5. The overall early help budget currently stood at around £5m.
6. There was concern that cuts to early help services would lead to greater cost pressures than the value of the cuts further down the line, for example in acute services.
7. Members felt that this proposal was at odds with the projected increase in demand for services.
RES 19 – School crossing patrol
Simon Moss - Service Group Manager, Highways & Transport summarised the proposal.
In response to questions from the committee it was noted that:
1. it was not possible to deliver school crossing patrols as a volunteer-led services. This had been tried elsewhere and successfully challenged by the union.
2. 28 staff would be affected by this cut of which most would be women rather than men. Many staff would have protected characteristics as they spanned a range of ages and ethnicities, the oldest being 81 years old. 21 patrol staff were white, and 7 were BAME.
3. Members felt strongly that cutting the patrol would conflict with the council’s objectives around reducing obesity, improving road safety, improving air quality.
4. Members also felt that the loss of the patrol could have more impact on disadvantaged families whose children were more likely to take themselves to school at a younger age in primary school. Even within more affluent areas, it was suggested that the more disadvantaged children would be more likely to be affected in this way.
5. The committee heard that provision of a school crossing patrol was a condition of planning permission for at least one school, and therefore to remove the patrol would breach the permission.
6. Although green man crossings could be successful on main roads, crossing staff were ‘eyes and ears’ in the community having been trained in counter terrorism and child protection.
7. The committee rejected all options on the basis that:
a. the dangers of a reduced service outweighed any benefit
b. To do so would be to breach council objectives
c. No increased risk of harm to a child was acceptable
d. Planning permission would be breached as a result.

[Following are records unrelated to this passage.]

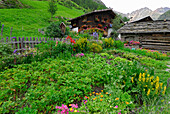 garden of farmhouse and restaurant Jägerrast, valley Pfossental, Texelgruppe range, Ötztal range, South Tyrol, Italy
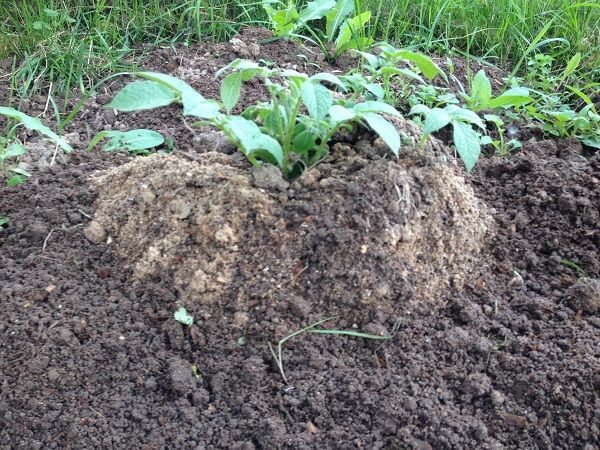  Growing potatoes using Chinese technology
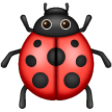 Lady Beetle on Samsung One UI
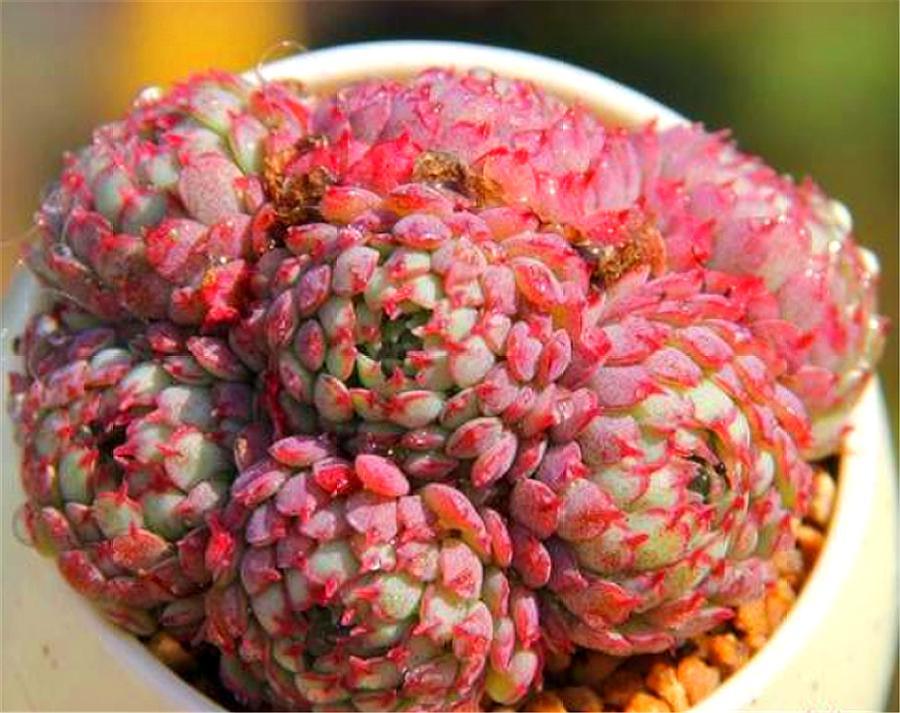 可爱的多肉萌宠,多肉植物小精灵怎么养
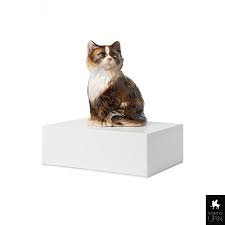 Dog and cat urns for ashes. Handmade Pet Urn Persian Cat Legendurn Uk Funeral Urns Cremation Ashes Jewellery And Pet Urns For Sale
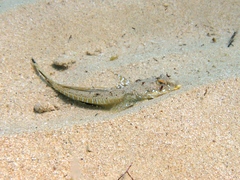 Sailfin Dragonet photo 2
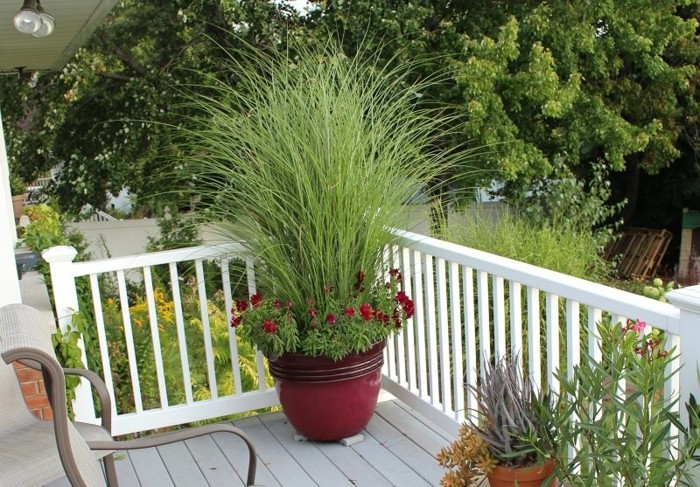 Terrasse-mit-Sichtschutz-einen-großen-Blumentopf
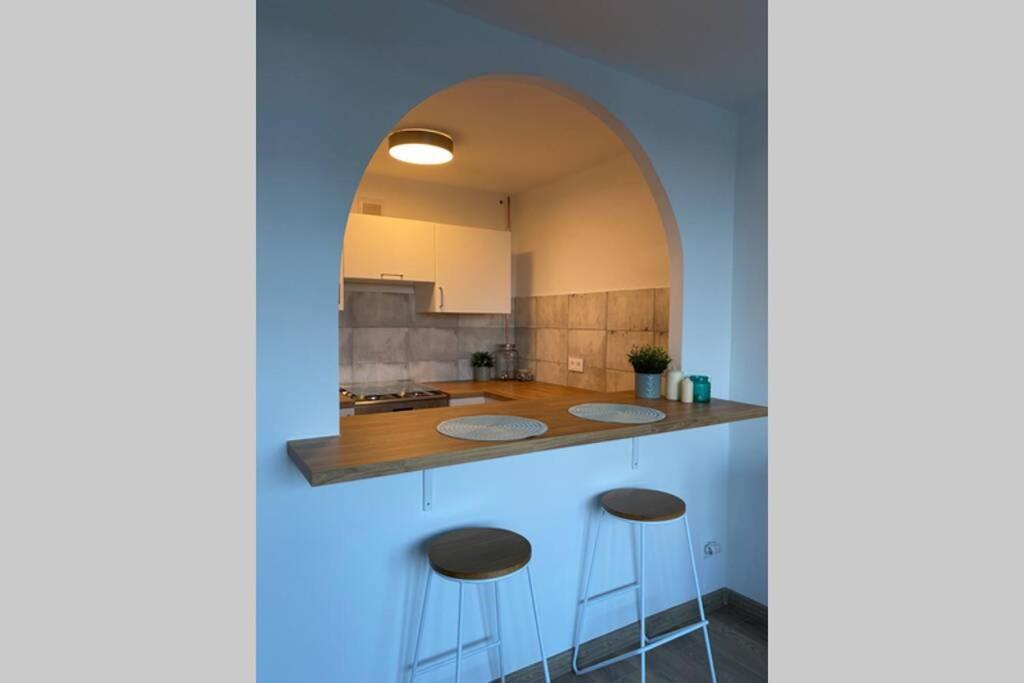 Modern Studio Apartment At Park&Stadium Near City Center Katowice Eksteriør bilde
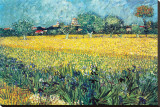 View of Arles with Irises Stretched Canvas Print by Vincent van Gogh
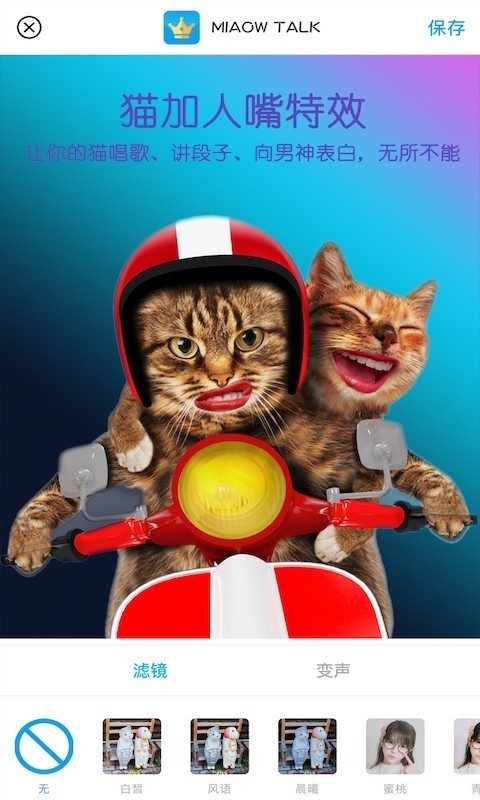 MiaowTalkè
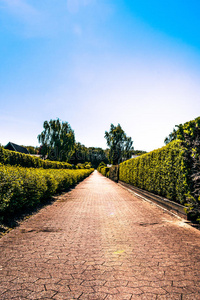 房地产 形象 风景 通路 花的 园艺 公园 自然 美丽的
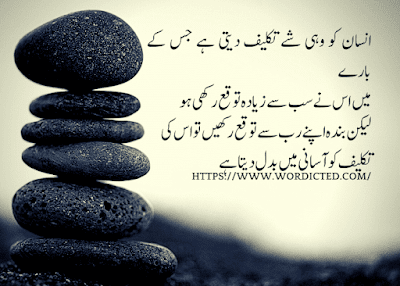 Best Aqwal E Zareen in Urdu 2023 With Images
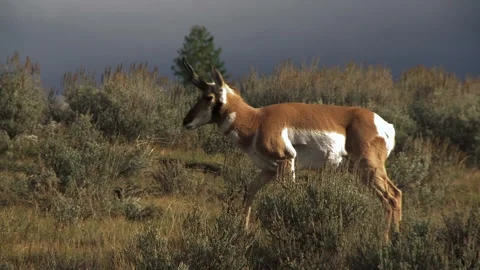 Pronghorn Moving Through Grassland Stock Footage 155893923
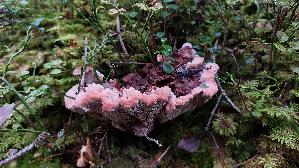 Rotbrauner-Korkstacheling_Hydnellum-ferrugineum_20260919_095532.jpg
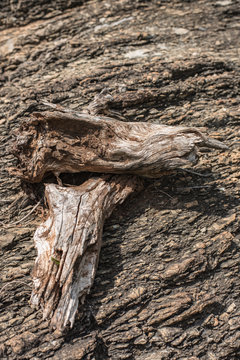 Two dry timbers on the rock background.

It was RESOLVED that a referral be made to Mayor & Cabinet via PAC to inform them that:
CYP 1: More efficient use of residential placements
CYP 3: Systematic and proactive management of the market for independent fostering
CYP 5: Residential framework for young people – Joint South East London Commissioning Programme
The Committee noted the proposals, and supported them in principle, but was concerned that that the savings were aspirational rather than deliverable.
CYP 2: improved placement process and more efficient systems with rigorous control through operating model and IT
The Committee was not satisfied that the shared IT service had the capacity to support the intended process improvements, and therefore considered that the saving would be unachievable.
CYP 4: Commission semi-independent accommodation for care leavers
The Committee felt more positively about this proposal as there had to date been some success in achieving better value for money in commissioning semi-independent accommodation for care leavers.
CYP 7: Early Help Redesign
The Committee noted the proposal but feared that cuts to early help services would result in greater cost pressures elsewhere that would exceed the value of the saving.
The Committee was unable to properly assess the impact of the cut without information on what the redesigned service would look like. No such information had been supplied.
RES 19: School Crossing Patrol
The committee rejected all options outlined in the proposal in the strongest terms, citing the following reasons:
· Any increased road safety risk to children was unacceptable
· The service enables older primary children and families to walk to school. Removal of this support could result in more car journeys to school, which would negatively impact on delivery of the council’s road safety, air quality and public health objectives
· Removal of the school crossing patrol would result in a breach of planning conditions in at least one instance that the committee knows of.
· Loss of the school crossing patrol would likely impact disproportionately on various groups with characteristics protected under the Equalities Act.
The meeting was adjourned at 9:00pm for 5 minutes to allow a brief comfort break.